> ACTIVITY
The answer should hold only the lines from the one containing "HAY Hay Slit" through the one containing "TCL 305 phone" in the entries below, copied exactly, without pictures.

> GIVEN RECORDS
<<<<
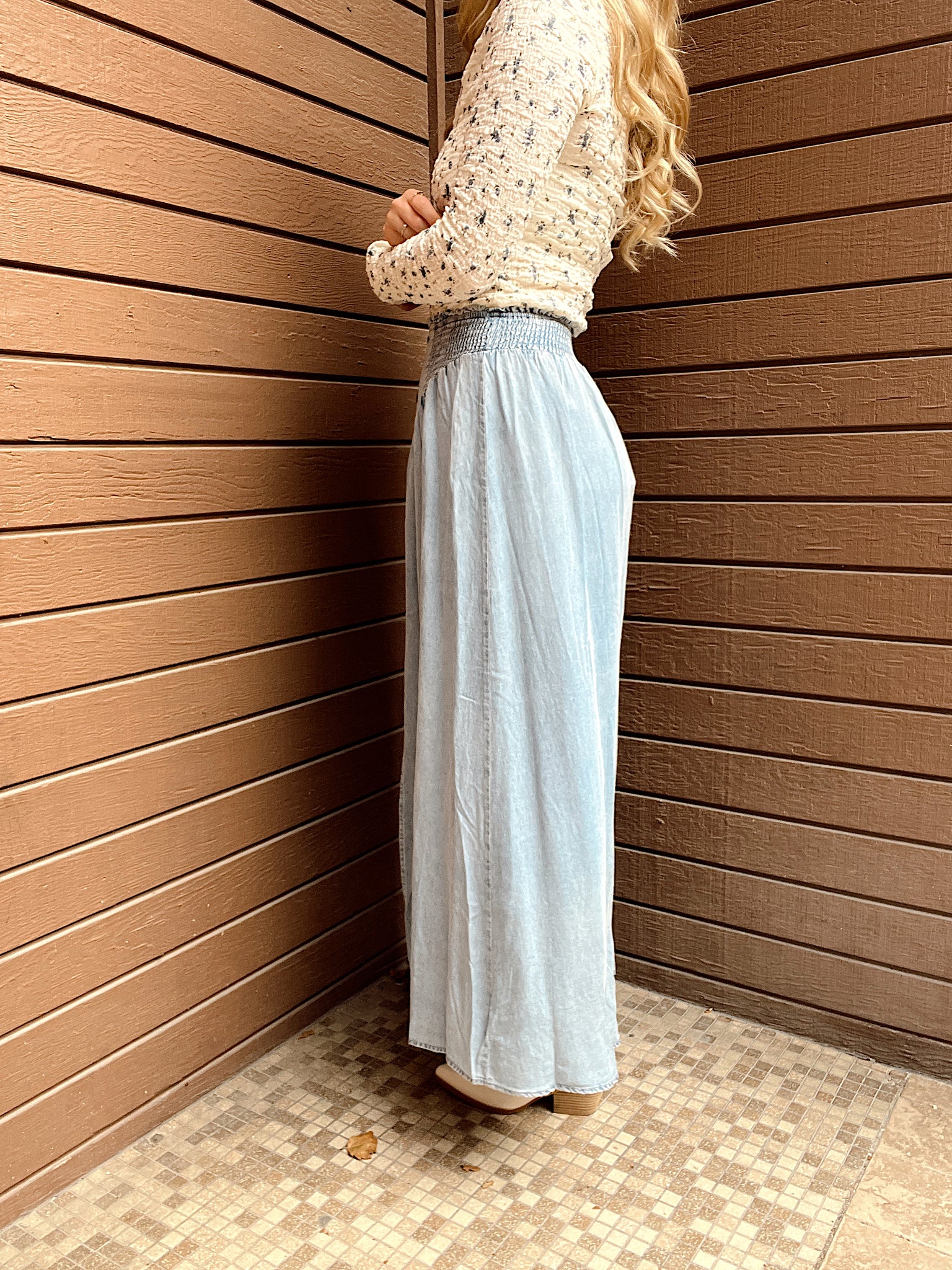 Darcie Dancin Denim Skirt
>>>>
<<<<
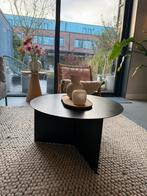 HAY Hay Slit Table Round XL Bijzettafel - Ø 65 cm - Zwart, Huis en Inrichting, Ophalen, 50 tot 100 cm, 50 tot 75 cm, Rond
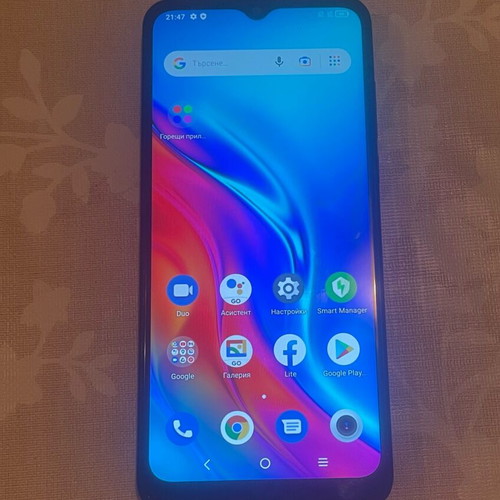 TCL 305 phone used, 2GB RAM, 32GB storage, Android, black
>>>>
<<<<
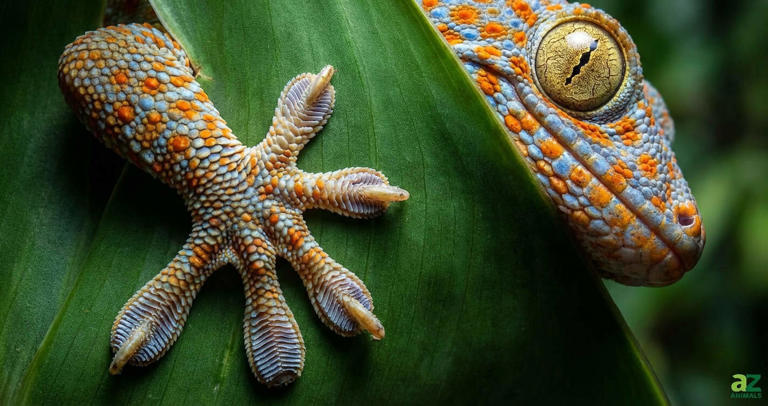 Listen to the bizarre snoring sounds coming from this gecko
>>>>
> SOLVED EXERCISE
 HAY Hay Slit Table Round XL Bijzettafel - Ø 65 cm - Zwart, Huis en Inrichting, Ophalen, 50 tot 100 cm, 50 tot 75 cm, Rond
 TCL 305 phone used, 2GB RAM, 32GB storage, Android, black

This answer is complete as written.